From the Publisher: Rural Resources

Some significant capital investment is taking root in rural Georgia and starting to show results.

Rural Georgia has much potential and some real work on the ground. It’s a slow ramp up, but I am impressed with what is now available to accelerate options for investment and the commitment of our governor and legislature toward the goal of rural prosperity.

This year has seen investment capital take root in the Deep South. Advantage Capital invested $6.5 million in Danimer Scientific, a biotech company producing biodegradable polymers used in consumer and industrial products, in Bainbridge. The investment was made through the Georgia Agribusiness and Rural Jobs Act (GARJA) passed in 2017, which targets communities with populations of 50,000 or less. Danimer is a major employer in Bainbridge, pop. 12,000. The investment will double the plant’s capacity and require new employees, three-fourths of whom will be hired locally.

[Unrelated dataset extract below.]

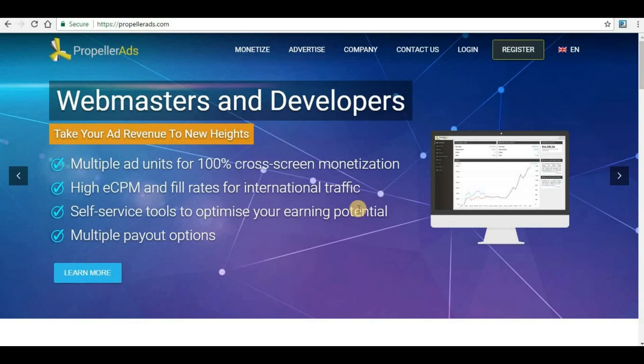Hello guys, welcome back to my channel Hi Profit Income and this is the second video tutorial under a series for webmasters. In this series we will discuss how webmasters can earn money.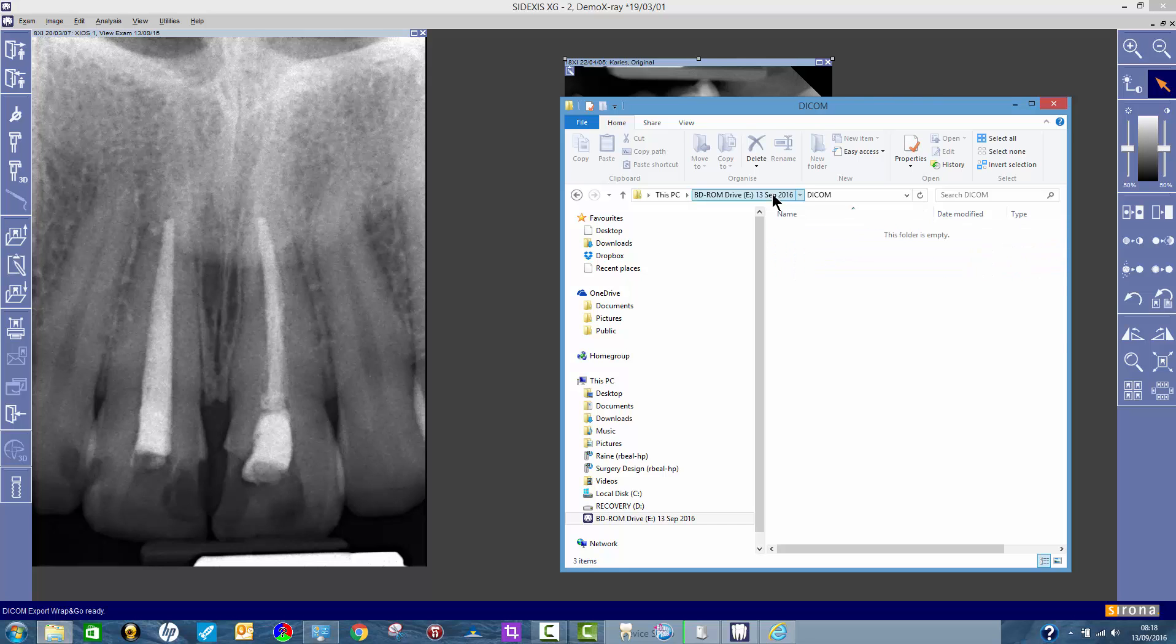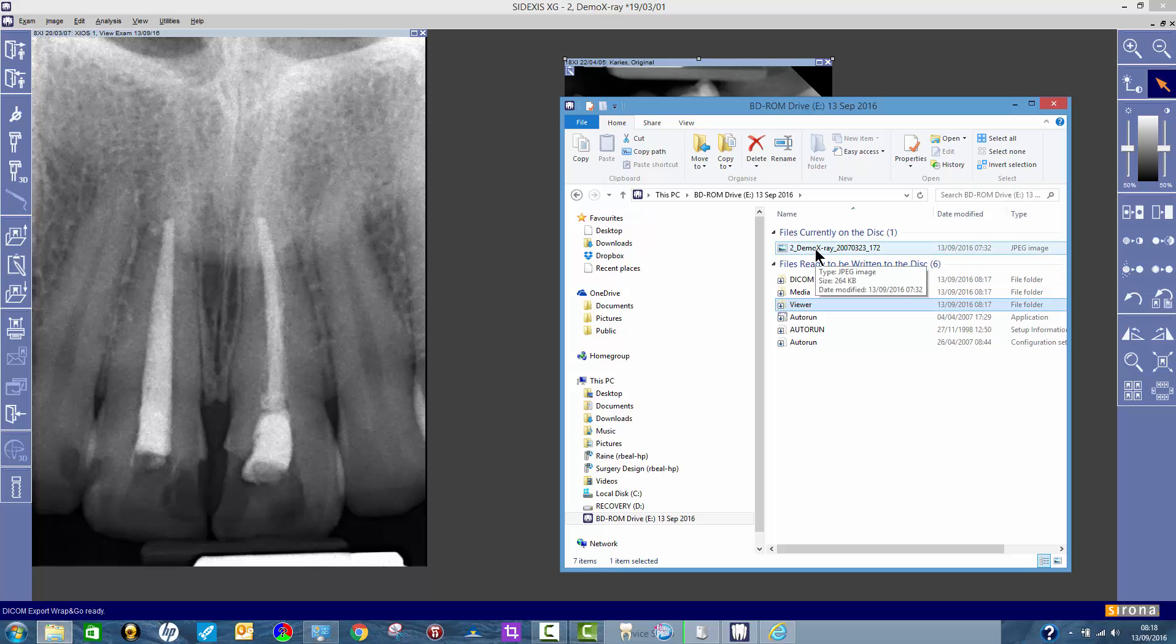If you want to send it to a patient that they can view at home, they will be able to view it as the JPEG anyway. If you just burn it like I've shown you how to do, then you get both options on the same disc.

In addition to Advantage Capital, which has invested more than $2.6 billion and helped support more than 48,000 jobs in communities underserved by investment capital, other investment groups are targeting rural Georgia via GARJA. Those include Stonehenge Capital, which invested in Holton Cattle & Consulting in Camilla.

Georgia Rural Investment Fund LLC offers a revolving loan program for rural businesses to receive up to $6.5 million. To qualify, businesses in agriculture, manufacturing, healthcare, technology or transportation must have fewer than 250 employees and be located in a Georgia county with fewer than 50,000 people. Funds can be used to buy equipment, renovate property, expand facilities and secure working capital.

The Georgia Department of Community Affairs (DCA) oversees 260 designated Qualified Opportunity Zones (QOZs), 60 percent of which are rural, that became eligible for preferential federal tax treatment in 2018. Investors can defer tax on prior gains until 2026 as long as the gain is reinvested in a Qualified Opportunity Fund, the investment vehicle for QOZs.

In partnership with the Georgia Department of Economic Development, DCA administers the creation of Rural Zones – up to 10 a year starting in 2018 – enabling investors to obtain tax credits for job creation activities, investment in downtown properties and renovation of properties. Credits can be layered on top of each other if jobs are created and can work with the federal zone credits, but not with any other state tax credit program. Rural Zone designations last for five years.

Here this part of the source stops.